Note that we’re using the Smart Blur image operation effect. Because I wanted a circular blur effect, I set the Variation control to Polar and the Angle Offset to 90 degrees. If I had used an Angle Offset of 0 or 180 degrees I could have generated a spatially variant blur that is centered at the center of the canvas and pulls in or out from the center point.
The Variation control allows you to select many different kinds of spatially adaptive effects. Many are based on some characteristic of the source image. Others (like Polar) correspond to mathematical functions that vary over the canvas.
The Smart Blur ip op is extremely versatile, and can be configured to create a very wide variety of different kinds of effects. The 2nd gallery image above shows a single editing modification I made to the Smart Blur effect, setting the Mode control from Mean to Max. This changes the adaptive filter effect from a blur effect to a nonlinear max filter (whose output is shown in the 3rd gallery image above). Note that the new effect maintains the original adaptive circular polar filter shape but is now using a nonlinear max filter rather than a blurring mean filter for the adaptive filtering effect.

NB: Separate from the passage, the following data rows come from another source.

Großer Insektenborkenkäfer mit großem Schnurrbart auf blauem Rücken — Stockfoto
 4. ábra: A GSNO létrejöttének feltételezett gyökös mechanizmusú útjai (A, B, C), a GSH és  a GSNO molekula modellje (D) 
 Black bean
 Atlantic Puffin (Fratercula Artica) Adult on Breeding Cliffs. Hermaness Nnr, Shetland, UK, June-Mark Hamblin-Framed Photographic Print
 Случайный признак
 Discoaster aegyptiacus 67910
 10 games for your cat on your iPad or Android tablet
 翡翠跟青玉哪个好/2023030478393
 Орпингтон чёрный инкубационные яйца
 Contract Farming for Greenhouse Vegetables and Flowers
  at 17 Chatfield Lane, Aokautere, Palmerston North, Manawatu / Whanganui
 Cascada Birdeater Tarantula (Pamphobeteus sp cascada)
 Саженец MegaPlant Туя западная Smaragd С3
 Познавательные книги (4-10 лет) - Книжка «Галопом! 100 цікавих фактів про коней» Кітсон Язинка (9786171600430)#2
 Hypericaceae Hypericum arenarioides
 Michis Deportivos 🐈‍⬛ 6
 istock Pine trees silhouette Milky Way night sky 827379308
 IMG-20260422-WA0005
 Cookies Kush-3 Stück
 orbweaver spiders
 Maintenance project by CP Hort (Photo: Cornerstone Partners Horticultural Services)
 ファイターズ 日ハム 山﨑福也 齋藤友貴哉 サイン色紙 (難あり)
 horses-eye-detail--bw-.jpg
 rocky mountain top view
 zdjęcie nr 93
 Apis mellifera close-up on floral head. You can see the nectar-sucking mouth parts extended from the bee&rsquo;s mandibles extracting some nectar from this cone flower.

Animating a Smart Blue Effect
I then created a 100 frame PASeq animation. I did this by recording a single Smart Blur action step in the PASeq. the Angle Offset was set to 0 degrees at keyframe 0. I then changed the Angle Offset to 360 degrees, and recorded a second keyframe at frame time 100 for the Smart Blur action step. I then generated an animation by running the Action : Animate with Paint Action Sequence : to Movie menu command. The animation shows the effect of smoothly interpolating the Angle Offset control for the Smart Blur effect from 0 to 360 degrees over 100 frames.
You can see the animation output here. I used a No option for the Symmetry control to make the effect more dramatic, and used the Mean option for the Mode control for an animating adaptive blur effect.